Brief descriptive captions

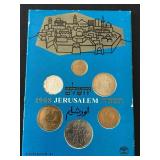 Coins of Israel
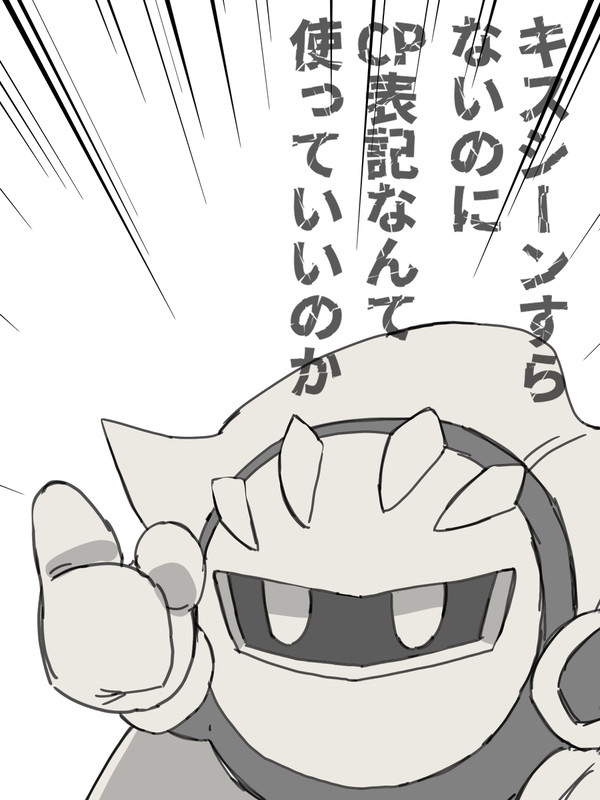 大丈夫だよメタナイト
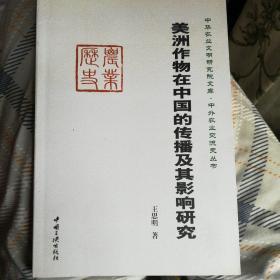 美洲作物在中国的传播及其影响研究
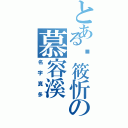 とある查筱忻の慕容溪（名字真多）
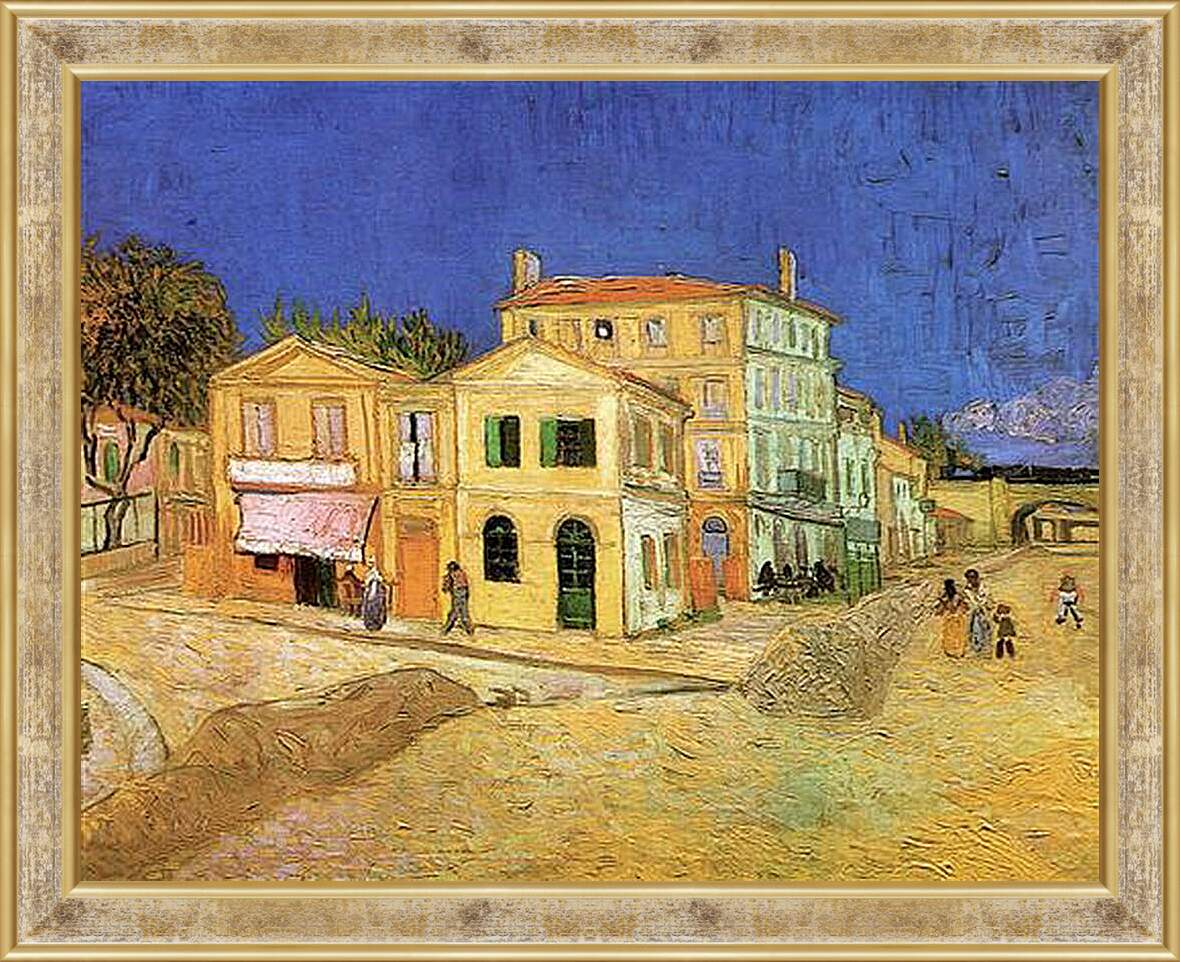 Картина в раме - Vincent s House in Arles The Yellow House. Винсент Ван Гог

# EXERCISE GOAL
Word for word, repeat each record above; leave out every picture.

# SOLUTION FOR THIS EXERCISE
 Coins of Israel
 大丈夫だよメタナイト
 美洲作物在中国的传播及其影响研究
 とある查筱忻の慕容溪（名字真多）
 Картина в раме - Vincent s House in Arles The Yellow House. Винсент Ван Гог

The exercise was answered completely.